The introduction of My25 has also had a positive impact on the staff who work in the supported homes. Time that was previously used to meticulously plan and prep meals can now be used to spend more one-on-one time with residents.
“Staff have more creative meal ideas and are not cooking the same meals over and over,” Lorriana Dix, executive director of Salem and children’s programs in south New Jersey, said. “The shopping list that is created helps staff to spend less time in the store and they can stick to what is needed in the home.”
Although the prescribed menus are nice for residents and staff, they are not infallible. In cases where one part of a menu does not work for an individual, staff members can call the professionals and talk through the predicament. In one situation, a recipe called for beef, however, one person in the home was not able to reliably chew beef. After consulting with the chef, it was recommended that the recipe should be tried with chicken. That substitution seems simple, but when the staff is cooking for individuals with specialized diet, no substitution should be made glibly.
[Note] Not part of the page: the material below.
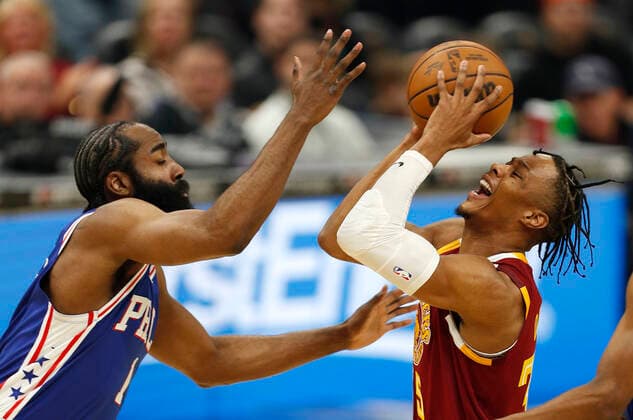 Okoro (R) during the first half of the NBA, Basketball Herren, USA game between the Cleveland Cavaliers and the Philadelphia 76ers at Rocket Mortgage Fieldhouse in Cleveland, Ohio, USA, 3, April 2022. Philadelphia 76ers at Cleveland Cavaliers !ACHTUNG: NUR REDAKTIONELLE NUTZUNG!  Copyright: xDAVIDxMAXWELLx AME8603 20220404-c662acfbf13992c60b8214c5e5e099feaeb234cd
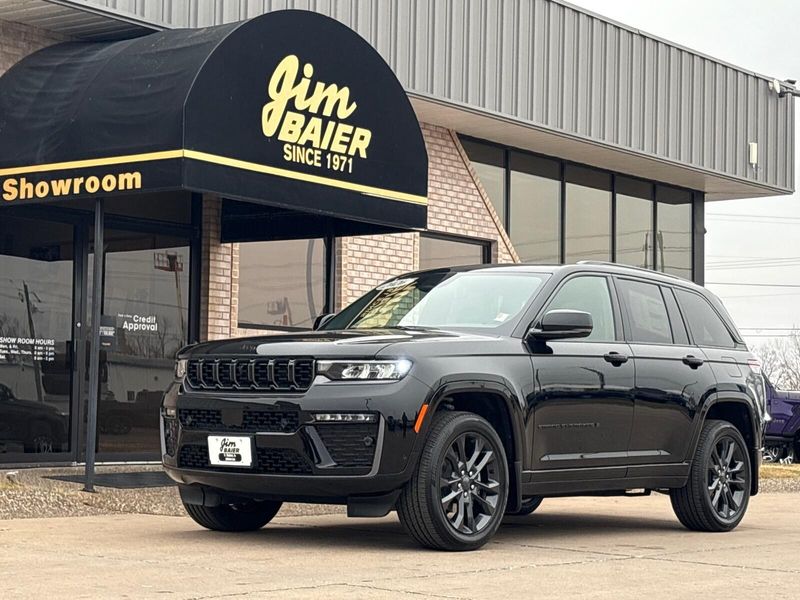 New 2026 Jeep Grand Cherokee Limited Reserve 4x4Image 1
“They are real people we can speak to for advice,” Dix said. “If there is something listed our individuals do not like we can reach out to have it changed.”
The partnership with My25 is just one example of the ways Allies uses partnerships and opportunities to improve the lives of the people we care for.
“Partnerships, invite change,” Dix said. “Change is inevitable and can be a great thing.”
“In the beginning some of the homes were apprehensive that My25 would be a benefit for their homes,” Dix said. “Once they realized some of the ingredients were items they could use in other meals and the shopping list was keeping them from buying unnecessary items, they began to see the benefits.”
At the start of November, there were nine homes participating in the arrangement with My25. As of Dec. 1, 2023, 21 Allies group homes throughout New Jersey were taking part in the program, King said.